Political leaders who left the ruling coalition in disagreement over term limits have faced reprisals.
Moise Katumbi, a prominent businessman and politician, was targeted by the authorities soon after he declared his intention to stand in the forthcoming election. He was subsequently charged with hiring mercenaries and selling a house that did not belong to him. He left the country for medical treatment, and was sentenced in absentia in June 2016 to three years in jail and a US$1 million fine. He continues to live in exile.

“The DRC government is riding roughshod over its regional and international human rights obligations. Denying people the right to freedom of expression could trigger violence in an already tense political climate,” said Sarah Jackson.

“The international community must encourage the DRC authorities to bring this wave of repression to a speedy end, unconditionally release all individuals detained for political reasons and drop the charges against them.”

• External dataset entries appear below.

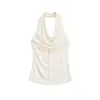 Top Regata Sexy Alça Halter Sem Mangas com Nó Torcido e Costas Abertas para Mulheres - Novo Design Verão 2026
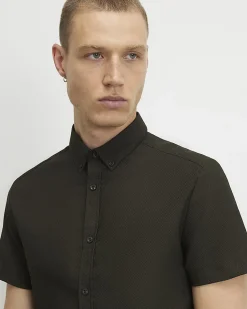 Khaki Muscle Fit Textured Cotton Blend Shirt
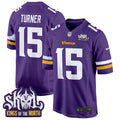 Men's Minnesota Vikings King Of The North Patch Game Jersey - All Stitched - Purple, Dallas Turner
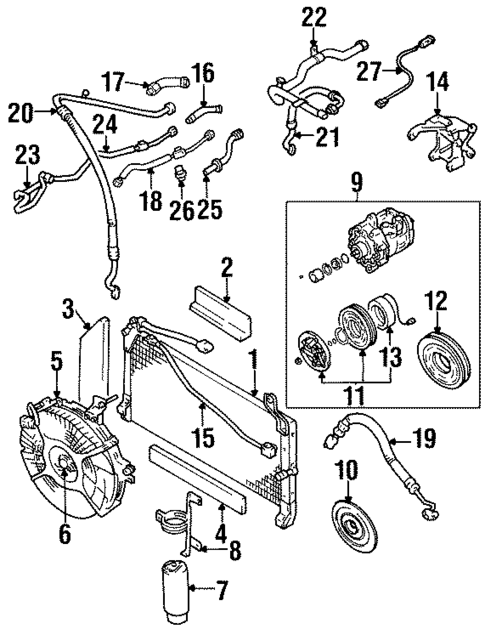 Condenser, Compressor & Lines for 2001 Chevrolet Metro #0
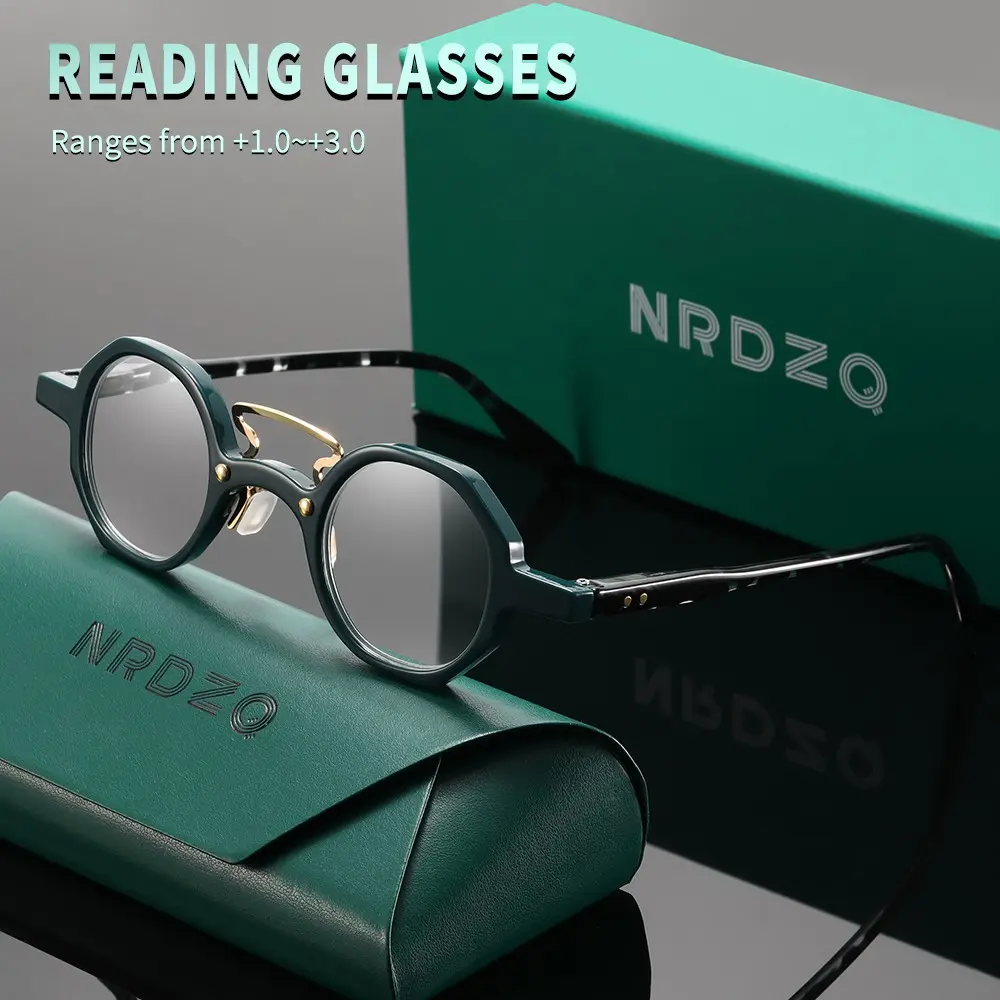 NRDZQ Vintage Round Frame Reading Glasses, 100-300 Degrees, Unisex, Multiple Colors, Business Use, Gift Box Included, Reading Eyeglasses, Reading Eyewear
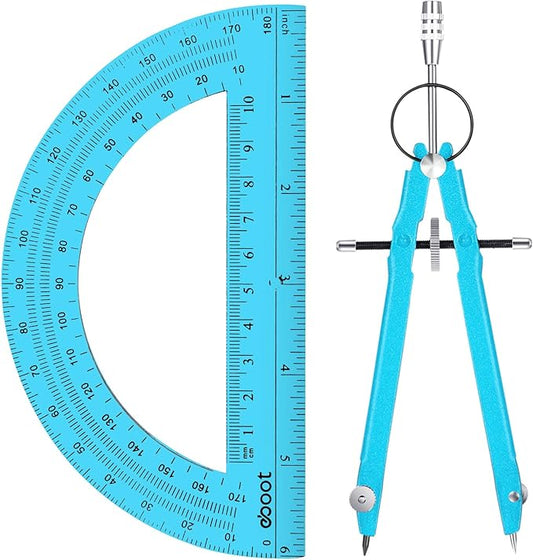 EBOOT Student Geometry Math Set, Metal Drawing Compass and 6 Inch Clear Swing Arm Protractors 180 Degree Math Protractor(Blue and Blue)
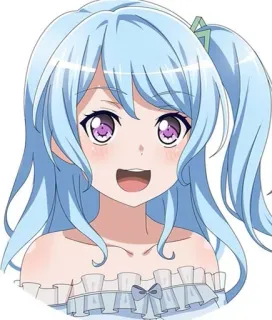 😄 Anime, Garota, Fofa, Ilustração, Desenho animado, Cabelo azul telegram sticker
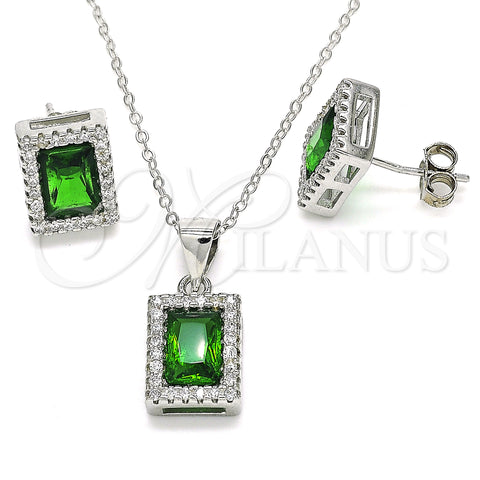 Sterling Silver Earring and Pendant Adult Set, with Green Cubic Zirconia and White Micro Pave, Polished, Rhodium Finish, 10.175.0080.1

With barely three months left of President Kabila’s second term, the Independent National Electoral Commission (CENI) has yet to call the elections. Its chairman has said the elections cannot be held on time because of technical difficulties.

A national dialogue initiated by President Kabila started early September. However, the majority of opposition political parties declined to participate and have accused the AU-appointed facilitator of lacking independence.